On n’est pas dans la même situation qu’aux États-Unis avec un déni climatique brutal et assumé, en France, c’est plus insidieux. On assiste tout de même à une montée en puissance de groupes qui font en sorte de saper toute action climatique. Cela passe d’abord par la désinformation, celle-ci ne s’exprime pas uniquement sur les réseaux sociaux ou des chaînes télévisées de groupes privés, on a vu des exemples lors de débats parlementaires.
En février, lors d’un débat sur la loi Duplomb [qui prévoyait notamment de réautoriser des pesticides interdits], des sénateurs avaient proposé de reconnaître dans la loi le besoin de mobiliser les compétences scientifiques pour réduire l’empreinte carbone du monde agricole, pas seulement pour l’adapter aux conséquences du dérèglement climatique. Cela a été rejeté sous prétexte que cela stigmatisait le monde agricole. C’est pourtant le deuxième secteur le plus émetteur derrière les transports. Ce refus illustre une forme de déni face au rôle de l’agriculture dans la crise climatique.

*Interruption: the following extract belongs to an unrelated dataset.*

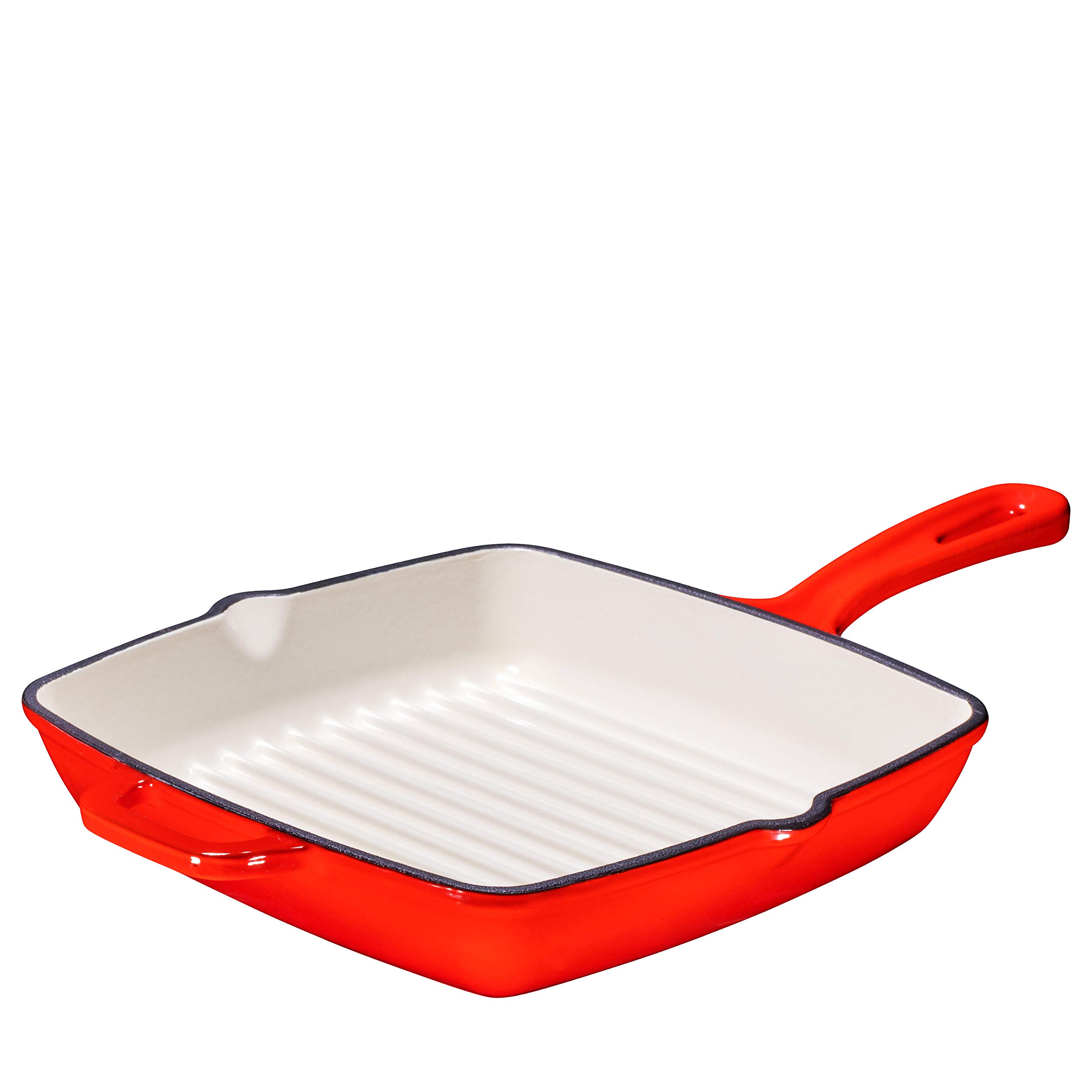 Bruntmor Pre-Seasoned 10 Inch Red Square Cast Iron Pan | Indoor Grill | Cast iron Skillet Flat Top Grill with Easy Grease Draining for Grilling Bacon, Steak, and Meats, Stove, Fire and Microwave Safe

À côté de la désinformation, certains groupes font tout pour paralyser la vie démocratique en polarisant le débat : pour ou contre le nucléaire ? Pour ou contre la climatisation ? Pour ou contre les éoliennes ? Cette stratégie, en n’apportant que des réponses simplistes, empêche tout débat de fond.

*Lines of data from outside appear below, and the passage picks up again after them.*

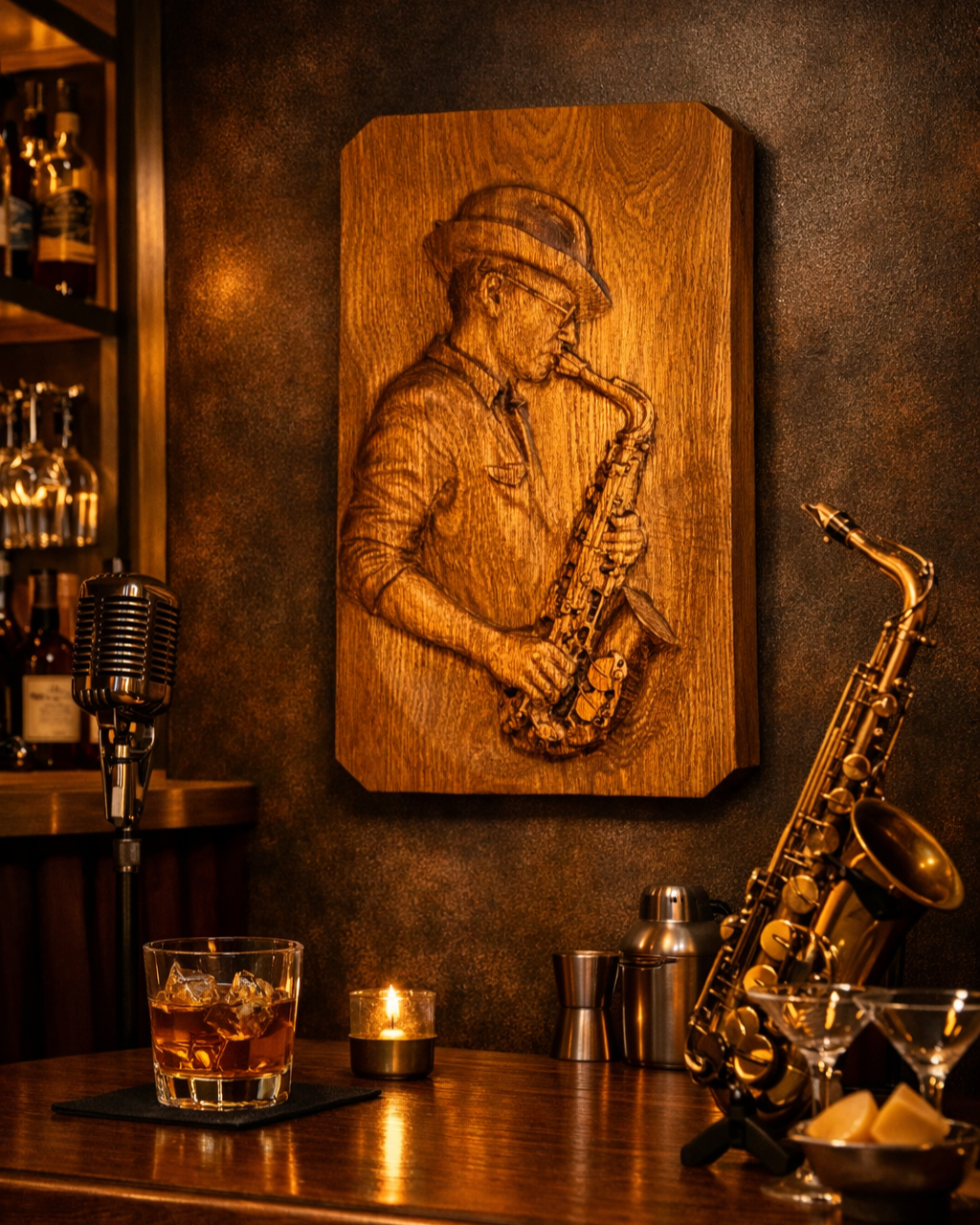 Detaillierte Schnitzerei eines rechteckigen Holzbildes, das einen Saxophonisten zeigt, aufgehängt in einer Bar, auf einem Tisch davor stehen Whiskey-Glas und ein Saxophon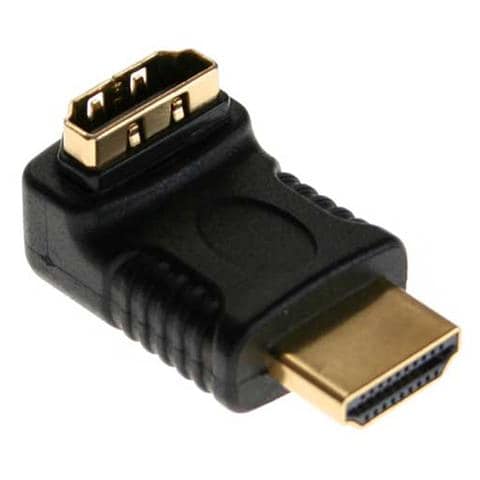 adattatore hdmi 19pin type-a maschio a hdmi 19pin type-a femmina angolato a 90 gradi verso lalto, pin dorati - Foto 1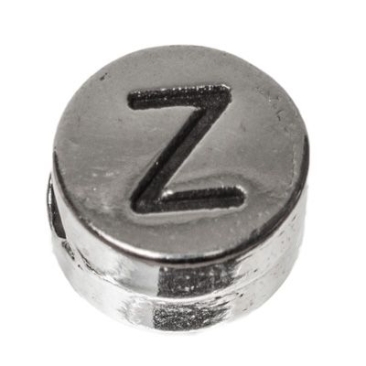 Metalen kraal, rond, letter Z, diameter 7 mm, verzilverd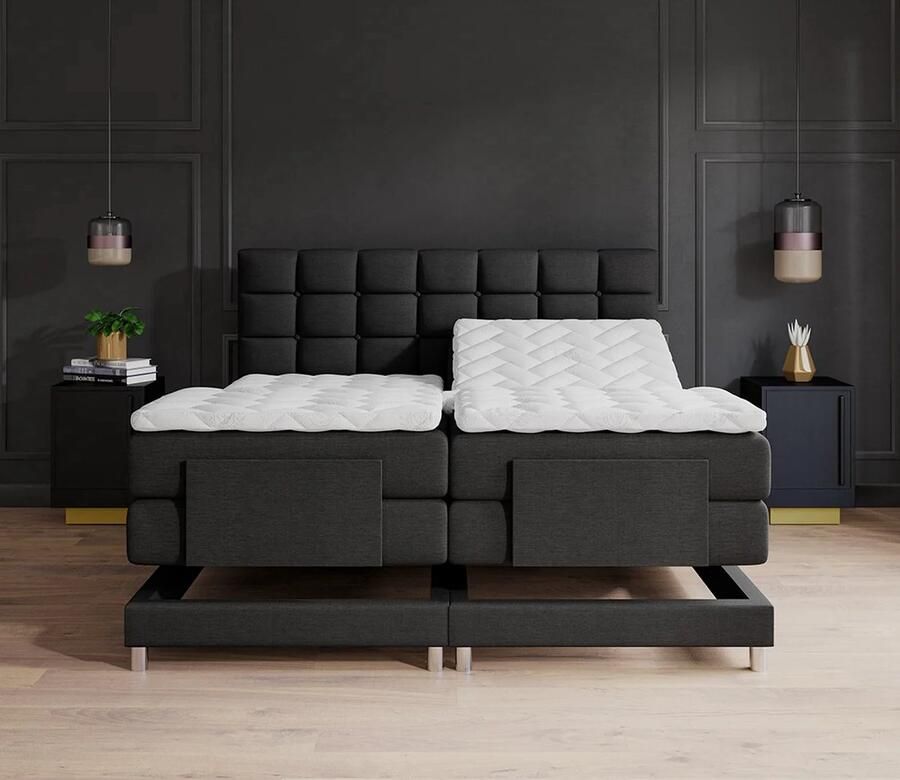 Beddenscout24 Elektrische Boxspring Dublin Zwart 160x200 Compleet Gratis Levering Inclusief cm matras en topper Comfortschuim - Foto 2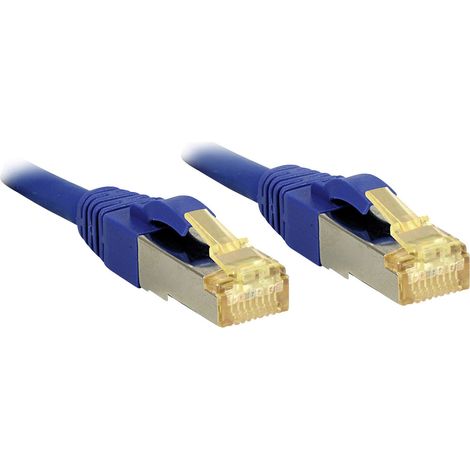 LINDY 47280 RJ45 Patchkabel CAT 6a (Rohkabel CAT 7) S/FTP 3.00 m Blau mit Rastnasenschutz 1 St.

Malgré le sombre tableau que vous venez de dresser, croyez-vous encore au sursaut ?
Oui, la situation est grave, tant sur le plan climatique que démocratique. La seule chose positive que je retiens de cet été est l’avis rendu par la Cour internationale de justice. Les juges ont estimé que le changement climatique est « une menace urgente et existentielle » et que tous les États ont l’obligation de réduire leurs émissions de gaz à effet de serre pour garantir les droits fondamentaux, comme le droit à la santé, à l’eau et à l’alimentation. C’est historique, j’espère que cela va renforcer le cadre juridique de l’action pour le climat.
Pour ce qui est de la France, j’espère aussi que les élections municipales de mars 2026 seront l’occasion d’avoir de véritables échanges et réflexions sur les sujets d’adaptation. Qu’il s’agisse des bâtiments, des mobilités, de la gestion de l’eau… ces questions sont très importantes à l’échelle des villes.